At work I told a friend of mine that the covariance matrix can have imaginary eigenvectors. This supposedly would encode rotation of some sort in empirically collected data. However, I was wrong. The covariance matrix cannot have imaginary eigenvectors, because it is a real symmetric matrix, and all eigenvalues of a real symmetric matrix are real.
How can I save face? Maybe I was not actually wrong?
Those were the thoghts that went through that made me write this post.
The covariance matrix
The covariance matrix is commonly defined as:
\[ \begin{aligned} &\text{cov}(X,Y) := \mathbb{E}[(X - \mathbb{E}(X))(Y - \mathbb{E}(Y))^T] \\ &\text{where} \\ &\quad\quad X, Y : (\Omega, \mathcal{F}, P) \xrightarrow{\text{measurable}} (\mathbb{R}^n, \mathcal{B}(\mathbb{R}^n)) \\ &\quad\quad (\Omega, \mathcal{F}, P) \text{ is a probability space} \\ &\quad\quad \mathcal{B}(\mathbb{R}^n) \text{ is the Borel sigma-algebra on } \mathbb{R}^n \end{aligned} \]
If we are given only one random variable \(X\), we can define the covariance matrix of \(X\) as \(\text{cov}(X) := \text{cov}(X,X)\), which is also called the auto-covariance matrix of \(X\). Clearly this auto-covariance matrix is real and symmetric:
\[ \begin{aligned} \text{cov}(X) &= \mathbb{E}[(X - \mathbb{E}(X))(X - \mathbb{E}(X))^T] \\ &= \begin{bmatrix} \mathbb{E}[(X_1 - \mathbb{E}(X_1))^2] & \mathbb{E}[(X_1 - \mathbb{E}(X_1))(X_2 - \mathbb{E}(X_2))] & \cdots & \mathbb{E}[(X_1 - \mathbb{E}(X_1))(X_n - \mathbb{E}(X_n))] \\ \mathbb{E}[(X_2 - \mathbb{E}(X_2))(X_1 - \mathbb{E}(X_1))] & \mathbb{E}[(X_2 - \mathbb{E}(X_2))^2] & \cdots & \mathbb{E}[(X_2 - \mathbb{E}(X_2))(X_n - \mathbb{E}(X_n))] \\ \vdots & \vdots & \ddots & \vdots \\ \mathbb{E}[(X_n - \mathbb{E}(X_n))(X_1 - \mathbb{E}(X_1))] & \mathbb{E}[(X_n - \mathbb{E}(X_n))(X_2 - \mathbb{E}(X_2))] & \cdots & \mathbb{E}[(X_n - \mathbb{E}(X_n))^2] \end{bmatrix} \\ &= \text{cov}(X)^T \end{aligned} \]

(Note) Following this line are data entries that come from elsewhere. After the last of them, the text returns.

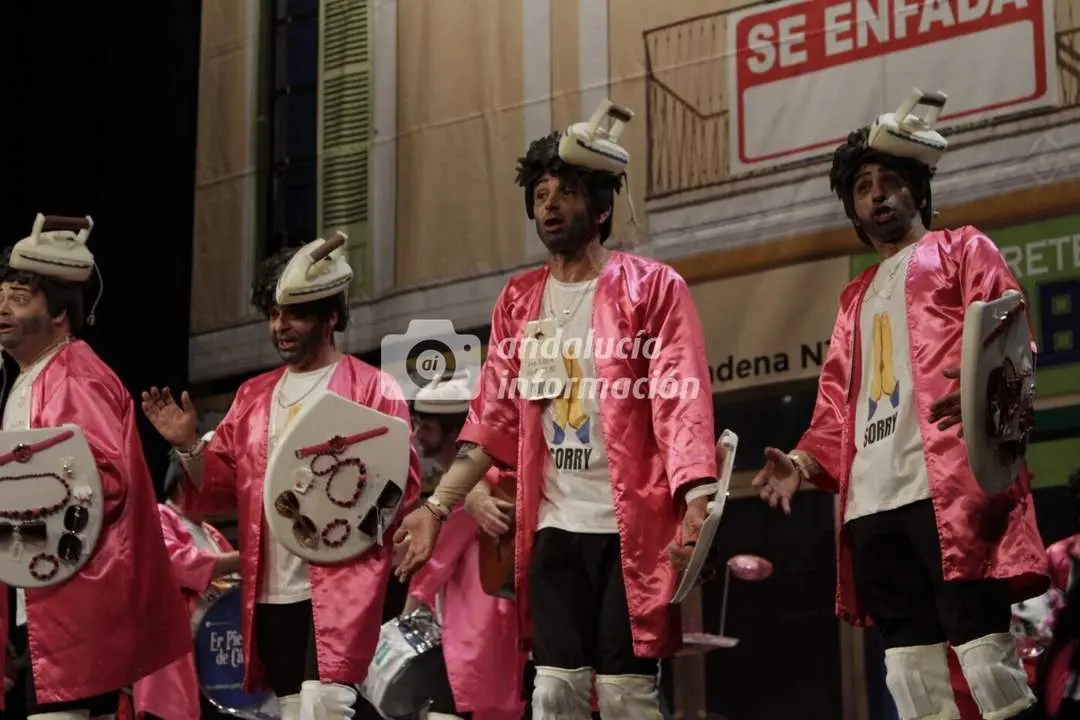 La chirigota 'Sin perd&oacute;n' durante su actuaci&oacute;n. - Javi Caravaca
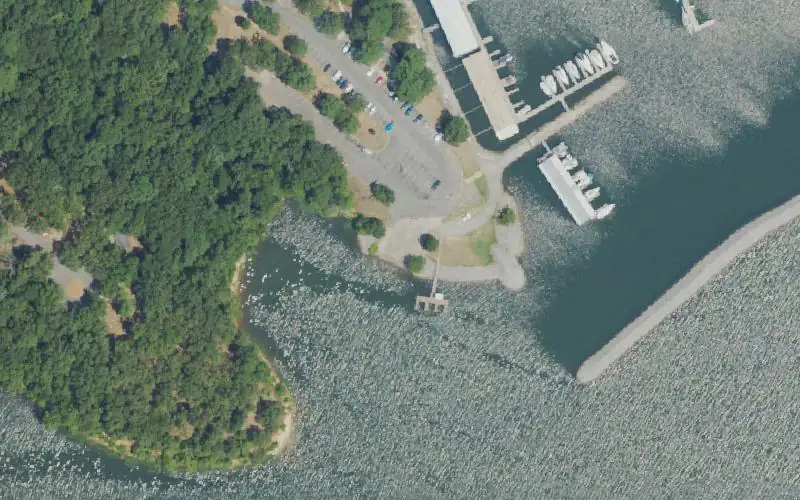 Aerial photo of the area around Kenlake State Park, Marshall County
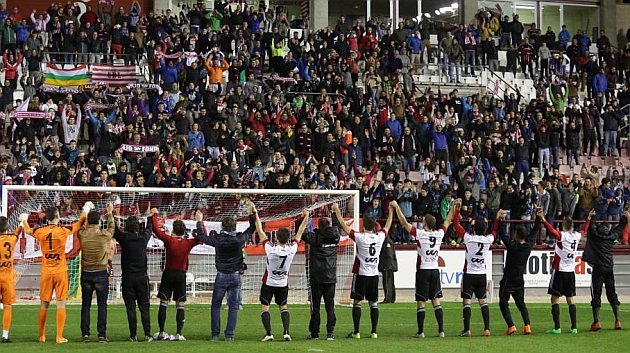 Los jugadores de la UD Logros celebran con la aficin el pase tras eliminar al UCAM Murcia. CROMA FOTGRAFOS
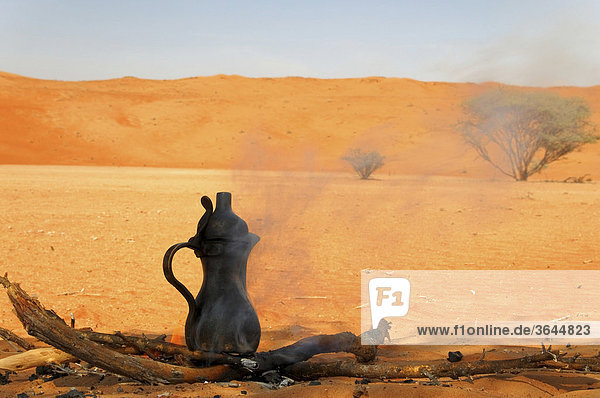 Kaffee-Kanne bei Rast in der Wüste  Wahiba Sands  Oman  Naher Osten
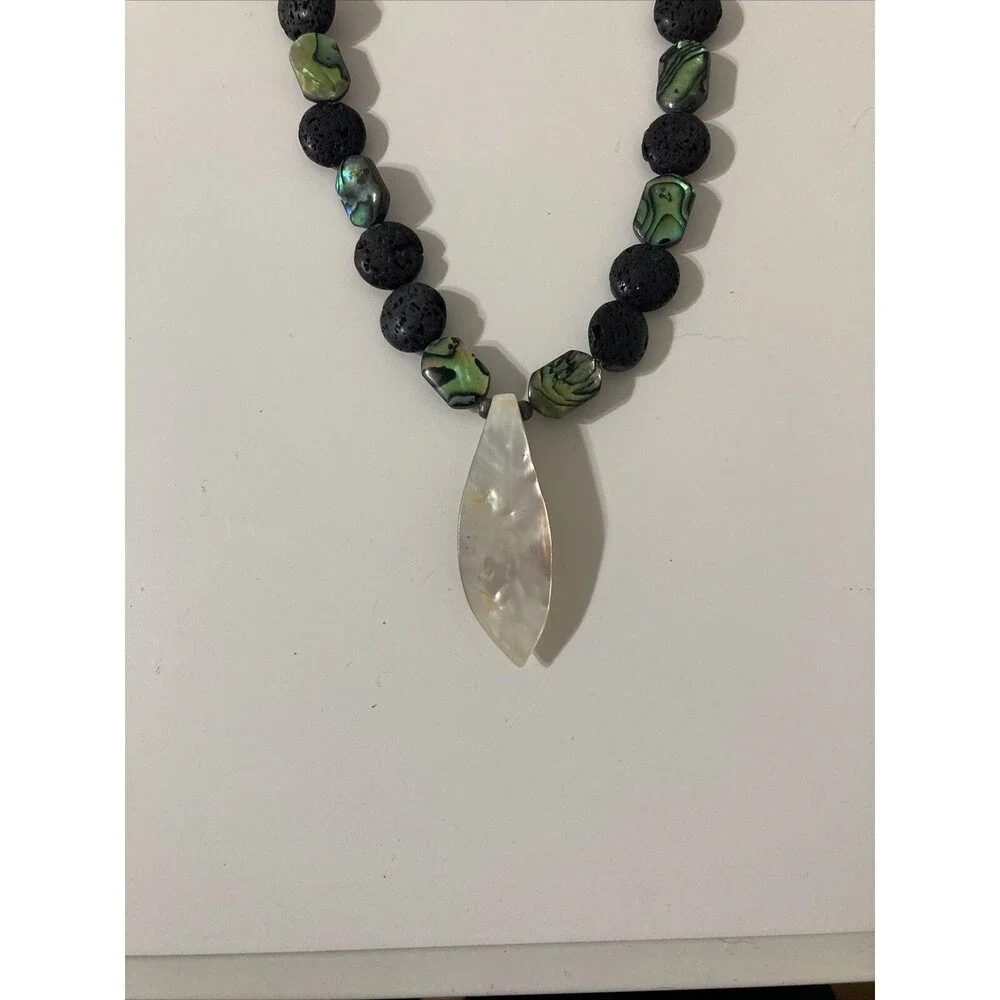Circular Black Green Stone Beaded White Shell Pendant Necklace Silver Toggle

As a real symmetric matrix, it cannot have imaginary eigenvalues: Remember that an eigenvalue \(\lambda\) of a matrix \(A\) is defined by the equation:
\[ Av = \lambda v \]
and it therefore can be obtained by solving the characteristic polynomial:
\[ \chi_A(\lambda) = \det(A - \lambda I) = 0. \]
Remember that the determinant of a matrix can be thought of as measuring the “volume” of the parallelepiped spanned by the columns of the matrix. Stating that \(\chi_A\) only has real roots geometrically means that the “volume” of the parallelepiped spanned by the columns of \(A - \lambda I\) can only be zero for real values of \(\lambda\).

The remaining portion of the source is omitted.